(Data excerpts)

::::

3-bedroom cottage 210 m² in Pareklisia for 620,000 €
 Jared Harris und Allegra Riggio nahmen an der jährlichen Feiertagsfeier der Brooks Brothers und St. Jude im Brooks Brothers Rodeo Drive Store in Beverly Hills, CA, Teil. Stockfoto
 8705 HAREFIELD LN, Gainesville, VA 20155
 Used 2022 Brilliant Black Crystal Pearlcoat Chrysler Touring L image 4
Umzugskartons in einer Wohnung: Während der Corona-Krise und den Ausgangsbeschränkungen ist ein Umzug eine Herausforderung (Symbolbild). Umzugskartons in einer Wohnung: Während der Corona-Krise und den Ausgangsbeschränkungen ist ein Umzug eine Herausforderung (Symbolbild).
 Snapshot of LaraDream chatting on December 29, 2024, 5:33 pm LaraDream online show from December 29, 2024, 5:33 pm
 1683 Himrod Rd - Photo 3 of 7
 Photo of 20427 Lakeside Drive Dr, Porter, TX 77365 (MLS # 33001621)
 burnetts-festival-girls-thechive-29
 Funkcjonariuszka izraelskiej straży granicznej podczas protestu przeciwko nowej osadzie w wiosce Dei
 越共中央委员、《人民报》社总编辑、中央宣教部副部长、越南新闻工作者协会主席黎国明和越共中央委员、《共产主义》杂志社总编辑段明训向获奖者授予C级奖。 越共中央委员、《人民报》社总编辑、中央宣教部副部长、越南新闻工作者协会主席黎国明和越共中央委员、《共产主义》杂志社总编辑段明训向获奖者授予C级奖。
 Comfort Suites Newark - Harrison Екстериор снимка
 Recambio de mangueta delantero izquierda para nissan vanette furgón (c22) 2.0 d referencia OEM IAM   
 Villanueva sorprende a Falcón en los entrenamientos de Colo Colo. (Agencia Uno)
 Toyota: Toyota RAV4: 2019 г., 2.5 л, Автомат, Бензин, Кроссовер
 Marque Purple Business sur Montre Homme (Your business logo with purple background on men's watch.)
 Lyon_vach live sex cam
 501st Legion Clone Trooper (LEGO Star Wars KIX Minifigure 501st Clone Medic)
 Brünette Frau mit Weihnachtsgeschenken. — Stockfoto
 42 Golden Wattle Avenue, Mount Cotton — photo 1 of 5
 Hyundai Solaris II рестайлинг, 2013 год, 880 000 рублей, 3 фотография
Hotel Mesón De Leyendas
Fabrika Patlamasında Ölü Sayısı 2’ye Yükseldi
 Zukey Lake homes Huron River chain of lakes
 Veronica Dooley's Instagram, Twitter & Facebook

::::

Each line above should be copied exactly, with no line missing.

• [Written solution]
3-bedroom cottage 210 m² in Pareklisia for 620,000 €
 Jared Harris und Allegra Riggio nahmen an der jährlichen Feiertagsfeier der Brooks Brothers und St. Jude im Brooks Brothers Rodeo Drive Store in Beverly Hills, CA, Teil. Stockfoto
 8705 HAREFIELD LN, Gainesville, VA 20155
 Used 2022 Brilliant Black Crystal Pearlcoat Chrysler Touring L image 4
Umzugskartons in einer Wohnung: Während der Corona-Krise und den Ausgangsbeschränkungen ist ein Umzug eine Herausforderung (Symbolbild). Umzugskartons in einer Wohnung: Während der Corona-Krise und den Ausgangsbeschränkungen ist ein Umzug eine Herausforderung (Symbolbild).
 Snapshot of LaraDream chatting on December 29, 2024, 5:33 pm LaraDream online show from December 29, 2024, 5:33 pm
 1683 Himrod Rd - Photo 3 of 7
 Photo of 20427 Lakeside Drive Dr, Porter, TX 77365 (MLS # 33001621)
 burnetts-festival-girls-thechive-29
 Funkcjonariuszka izraelskiej straży granicznej podczas protestu przeciwko nowej osadzie w wiosce Dei
 越共中央委员、《人民报》社总编辑、中央宣教部副部长、越南新闻工作者协会主席黎国明和越共中央委员、《共产主义》杂志社总编辑段明训向获奖者授予C级奖。 越共中央委员、《人民报》社总编辑、中央宣教部副部长、越南新闻工作者协会主席黎国明和越共中央委员、《共产主义》杂志社总编辑段明训向获奖者授予C级奖。
 Comfort Suites Newark - Harrison Екстериор снимка
 Recambio de mangueta delantero izquierda para nissan vanette furgón (c22) 2.0 d referencia OEM IAM   
 Villanueva sorprende a Falcón en los entrenamientos de Colo Colo. (Agencia Uno)
 Toyota: Toyota RAV4: 2019 г., 2.5 л, Автомат, Бензин, Кроссовер
 Marque Purple Business sur Montre Homme (Your business logo with purple background on men's watch.)
 Lyon_vach live sex cam
 501st Legion Clone Trooper (LEGO Star Wars KIX Minifigure 501st Clone Medic)
 Brünette Frau mit Weihnachtsgeschenken. — Stockfoto
 42 Golden Wattle Avenue, Mount Cotton — photo 1 of 5
 Hyundai Solaris II рестайлинг, 2013 год, 880 000 рублей, 3 фотография
Hotel Mesón De Leyendas
Fabrika Patlamasında Ölü Sayısı 2’ye Yükseldi
 Zukey Lake homes Huron River chain of lakes
 Veronica Dooley's Instagram, Twitter & Facebook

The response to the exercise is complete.